Pose for Everything: Towards Category-Agnostic Pose Estimation
- URL: http://arxiv.org/abs/2207.10387v1
- Date: Thu, 21 Jul 2022 09:40:54 GMT
- Title: Pose for Everything: Towards Category-Agnostic Pose Estimation
- Authors: Lumin Xu, Sheng Jin, Wang Zeng, Wentao Liu, Chen Qian, Wanli Ouyang,
Ping Luo, Xiaogang Wang
- Abstract summary: Category-Agnostic Pose Estimation (CAPE) aims to create a pose estimation model capable of detecting the pose of any class of object given only a few samples with keypoint definition.
A transformer-based Keypoint Interaction Module (KIM) is proposed to capture both the interactions among different keypoints and the relationship between the support and query images.
We also introduce Multi-category Pose (MP-100) dataset, which is a 2D pose dataset of 100 object categories containing over 20K instances and is well-designed for developing CAPE algorithms.
- Score: 93.07415325374761
- License: http://arxiv.org/licenses/nonexclusive-distrib/1.0/
- Abstract: Existing works on 2D pose estimation mainly focus on a certain category, e.g.
human, animal, and vehicle. However, there are lots of application scenarios
that require detecting the poses/keypoints of the unseen class of objects.

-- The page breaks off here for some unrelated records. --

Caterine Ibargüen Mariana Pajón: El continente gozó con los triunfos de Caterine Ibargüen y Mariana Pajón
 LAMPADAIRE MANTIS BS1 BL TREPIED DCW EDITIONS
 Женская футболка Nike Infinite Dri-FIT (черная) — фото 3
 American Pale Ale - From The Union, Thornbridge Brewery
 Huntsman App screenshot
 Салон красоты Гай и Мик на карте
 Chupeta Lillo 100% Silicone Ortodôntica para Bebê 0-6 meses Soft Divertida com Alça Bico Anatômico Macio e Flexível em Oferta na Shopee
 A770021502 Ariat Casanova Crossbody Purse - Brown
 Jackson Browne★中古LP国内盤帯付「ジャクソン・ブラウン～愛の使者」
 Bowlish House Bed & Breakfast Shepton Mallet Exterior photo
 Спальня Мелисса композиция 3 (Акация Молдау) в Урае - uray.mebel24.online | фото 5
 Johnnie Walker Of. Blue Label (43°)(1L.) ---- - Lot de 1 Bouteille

In
this paper, we introduce the task of Category-Agnostic Pose Estimation (CAPE),
which aims to create a pose estimation model capable of detecting the pose of
any class of object given only a few samples with keypoint definition. To
achieve this goal, we formulate the pose estimation problem as a keypoint
matching problem and design a novel CAPE framework, termed POse Matching
Network (POMNet). A transformer-based Keypoint Interaction Module (KIM) is
proposed to capture both the interactions among different keypoints and the
relationship between the support and query images. We also introduce
Multi-category Pose (MP-100) dataset, which is a 2D pose dataset of 100 object
categories containing over 20K instances and is well-designed for developing
CAPE algorithms. Experiments show that our method outperforms other baseline
approaches by a large margin. Codes and data are available at
https://github.com/luminxu/Pose-for-Everything.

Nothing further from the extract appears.